Those being sniffy about Erik Lamela's rabona are given short shrift in the afternoon mailbox, where criticism of Brendan Rodgers is smashed out of the park...
It would certainly be a good idea to give Victor Valdes a contract, while we have more mails on Brendan Rodgers, Arsene Wenger, the rabona and mailbox gripes...
If you have anything to say on any subject, mail us at email@example.com
Naming An England XI
With reference to Brian (Liverpool 2nd, Manchester United 7th) LFC,
RB: Johnson (just hope he doesn't let Italy run riot like Palace did, when it counted most)
LB: Baines, (but I agree with F365 to a large degree...blood the new youth (Shaw) for sure...but at the expense of Cole?? LB...the only position on the field that England actually have 'the best in the world' in...
This XI truly has, in my humble opinion, a sporting chance of beating anyone they face on their day in the tournament.
With an expressive game-plan and suitable formation, suited to the personnel, and the element of surprise an attacking youthful XI would surely bring to the table...this England would be like nothing seen for a while!
It's not a weak midfield by any means, and has raw and quite meaningful pace in attack. (Sterling doesn't just sprint sideways hoping to find a big hole now does he?). Hendo provides some much-needed grunt, and while England are not Liverpool, he was so sorely missed in those last three games, after a great season, that he has earned the trust being placed in him.
Wilshere and Stevie G provide their fair amount of grunt and physical presence too, while both being more than capable of very neatly dovetailing with the absurdly technically-gifted Lallana. So while the CMs and Sterling may not be Messi-like with the ball at their feet, they cannot in any way be fairly described as nothing but 'a worker', Hendo does more than just run and pant without the ball, be assured.
Rooney is first man on the bench, warming after ten minutes, ready to immediately replace anyone not putting in a 'top, top' effort, before anyone has a mild stroke about it.
I just agree with a portion of supporters who feel that he currently doesn't fit in with the rest of the expected first team and their preferred, or indeed more suitable, style of play, as he won't stay in formation, or finish the chances that come his way when is up top.
That XI actually PLAYS SOME FOOTBALL against Spain or Brazil, and if (probable to be reasonable) they lose I at least can't see it being a one-sided boring blowout, but at least an exciting all guns blazing last stand!
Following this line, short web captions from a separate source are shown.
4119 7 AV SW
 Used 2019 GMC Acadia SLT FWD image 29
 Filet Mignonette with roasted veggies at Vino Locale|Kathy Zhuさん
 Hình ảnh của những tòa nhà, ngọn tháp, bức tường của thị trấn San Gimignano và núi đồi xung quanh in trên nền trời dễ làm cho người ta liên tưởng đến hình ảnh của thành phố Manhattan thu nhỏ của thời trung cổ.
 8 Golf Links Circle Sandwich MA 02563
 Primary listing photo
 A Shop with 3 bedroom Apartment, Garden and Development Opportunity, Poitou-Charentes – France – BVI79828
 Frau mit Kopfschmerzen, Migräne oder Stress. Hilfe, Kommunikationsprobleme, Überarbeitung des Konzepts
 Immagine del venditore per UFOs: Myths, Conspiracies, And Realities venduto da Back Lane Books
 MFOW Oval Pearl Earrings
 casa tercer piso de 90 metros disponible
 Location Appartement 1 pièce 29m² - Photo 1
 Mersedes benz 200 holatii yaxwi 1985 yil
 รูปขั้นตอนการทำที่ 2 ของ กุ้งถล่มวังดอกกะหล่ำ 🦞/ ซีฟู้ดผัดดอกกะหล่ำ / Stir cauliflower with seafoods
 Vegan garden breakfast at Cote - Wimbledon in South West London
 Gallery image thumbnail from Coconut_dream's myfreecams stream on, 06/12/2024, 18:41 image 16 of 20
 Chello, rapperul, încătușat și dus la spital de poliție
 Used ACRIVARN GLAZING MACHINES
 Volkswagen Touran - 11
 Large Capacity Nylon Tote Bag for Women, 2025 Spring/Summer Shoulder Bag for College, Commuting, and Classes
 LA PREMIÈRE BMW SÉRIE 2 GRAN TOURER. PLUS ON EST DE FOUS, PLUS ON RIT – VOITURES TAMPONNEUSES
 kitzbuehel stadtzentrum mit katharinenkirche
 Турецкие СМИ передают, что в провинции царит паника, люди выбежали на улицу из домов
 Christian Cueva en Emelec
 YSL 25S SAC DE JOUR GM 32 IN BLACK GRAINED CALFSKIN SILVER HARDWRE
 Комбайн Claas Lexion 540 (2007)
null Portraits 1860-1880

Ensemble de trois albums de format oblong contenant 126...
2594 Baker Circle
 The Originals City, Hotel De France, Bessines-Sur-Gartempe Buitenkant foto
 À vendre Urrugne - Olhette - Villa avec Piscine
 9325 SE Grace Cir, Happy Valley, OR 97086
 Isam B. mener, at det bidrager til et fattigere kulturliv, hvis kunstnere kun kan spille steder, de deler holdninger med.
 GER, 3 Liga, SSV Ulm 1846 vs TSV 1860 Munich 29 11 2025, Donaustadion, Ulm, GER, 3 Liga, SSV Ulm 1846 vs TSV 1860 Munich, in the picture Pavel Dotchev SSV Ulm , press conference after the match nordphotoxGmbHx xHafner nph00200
Manc in SA (TC23 could have won it alone though!)
Is Rooney Now A God?
Brian's Fat Albatross email hit the nail so perfectly that the nail went right in and then the head fell off; this now means that whatever the nail hit is now stuck in place. Forever.
But the point, or question, of the email is this, what else, besides the city keys, was Rooney given on hist last contract renewal?
I can only speculate that within the realm of Manchester he is now 'King of the North' and everyone must refer to him as 'Your Grace'. The club's elder Ewar Woowar has bewitched all and sundry to believe Wayne Rooney (or Beautiful Eagle as he is affectionately known) is a higher being sent down from the old Gods to save the realm from 'certain doom from afar'. The good, albeit entranced, people must make offerings to their saviour on a weekly basis in the form of pies and milk. Old Trafford (named after their previous messiah, Trafford the Great (rumoured to be shortly renamed to the Rooneydome)) via its maze of underground tunnels has become the world's biggest pie storage.
There are plans afoot to use the turf for grazing as 'foreign milk' is deemed unpure. Only pure milk can help the Beautiful Eagle return to his eventual resting place on his throne next to Zorgon.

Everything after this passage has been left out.